Laurence Kotlikoff, professor of economics at Boston University, stated on August 11 that the United States is bankrupt. He said that spending less or taxing more would not bring us out of bankruptcy. Instead, what we must do is to radically simplify our tax, health care, retirement and financial systems, each of which he calls a “complete mess”.

China already has eminent domain over the United States because much of the foreign debt sold to foreigners is backed by United States’ real estate and China holds the bulk of that debt. China, in the event of a collapse of the United States, could simply demonstrate their ownership and make us a colony.
Furthermore, some observers note that China is already diversifying their reserve holdings by the use of short positions and derivatives and credit default swaps, so they may bring down the United States’ economy financially because waging a military war is very expensive and in a financial manipulation, the spoils go to those who are willing to pay the price to win that struggle.

As Thomas Heffner pointed out in his column for Economy in Crisis, China and other foreign countries now hold 44% of the United States’ debt, allowing them to have the leverage to change our policies on which war we fight, which bill we pass and what standard of living we are allowed to enjoy. Our Congress, supposedly educated individuals, seems oblivious to the avalanche that threatens to change America. They just keep exacerbating the problem by spending more and increasing our debt.

The young bankers and budding economists in China are a frustrated generation, especially as it pertains to the debt owed to China by America. So, notes Jim Landers in The Dallas News. They benefited from the sacrifices of their parents and now they want to collect their due – from the US.

The Council on Foreign Relations estimates every single American owes China $4,500. If China decides to sell its US dollar holdings, we would see a tremendous spike in our interest rates and we would be pushed back into another recession. The Keynesians in Washington respond by simply printing more money – but the young bankers in China don’t want to see their holdings further devalued by more dollars being printed. They feel they have enough dollars already. They don’t want more. Instead, they seem to be buying American hard assets rather than investing their money in Federal bonds. They are building wind energy farms in West Texas. They are making significant investments in petroleum exploration firms. They are taking a stronger position in gold.

But the educated young in China are clamoring for more investments at home. They are faced with mounting real estate costs where the average condominium in Beijing is now $172,500 against their average salaries of $21,000 a year. One of the things that irritate the younger generation in China is that purchasing bonds of the Federal government of the United States means that they only receive interest payments and they cannot call the bonds in the event of default or sell them profitably to another investor when economic news is bad.

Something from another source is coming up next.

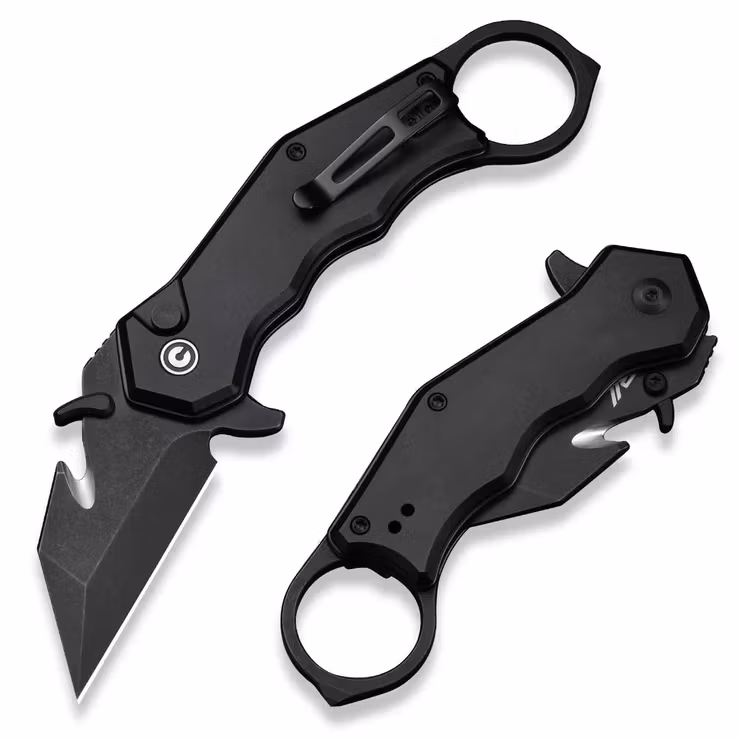 CIVIVI Amaroq fällkniv med aluminiumhandtag, fingerring och kort svart blad i Nitro-V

Guan Jianzhong, Chairman of Dagong Global Credit Rating told The Financial Times: “China is the biggest creditor nation in the world and with the rise and national rejuvenation of China, we should have our say in how the credit risks of states are judged”. This is an open criticism of Moody’s and other credit rating firms in the United States who too often overstate the safety of investments and who offer better ratings than their competitors in an open market of credit rating shopping. He said that the credit rating system created the collapse in the American real estate market. So now, Dagong is beginning to publish its own credit rating ranking. Its results were dramatically different from Moody’s, Standard and Poor’s and Fitch showing China ranking higher than most other major countries. He said in his statements: The United States is insolvent and faces bankruptcy as a pure debtor nation but the rating agencies all still give it high rankings. Is it just another manipulation to lie to American citizens and the world or is the desire to form a global government the motivation behind all these actions?

Perhaps the triggering device will be the domino effect of cities and states declaring bankruptcy forcing major changes in the United States fiscal policies. Already Illinois is paying off billions in loans that it got from schools and social service providers last year. As noted by Michael Cooper and Mary Williams Walsh in The New York Times Arizona has stopped payments for certain organ transplants. Many states are releasing prisoners early to cut expenses of housing them. Newark has laid off 13% of its police officers.

It is the long-term problems of California, Illinois, New Jersey and New York that worry economists the most. The federal stimulus money that supported many state budgets in the past year is set to run out next summer while revenues are lower than in years past due to fallen real estate values and the persistent unemployment problem.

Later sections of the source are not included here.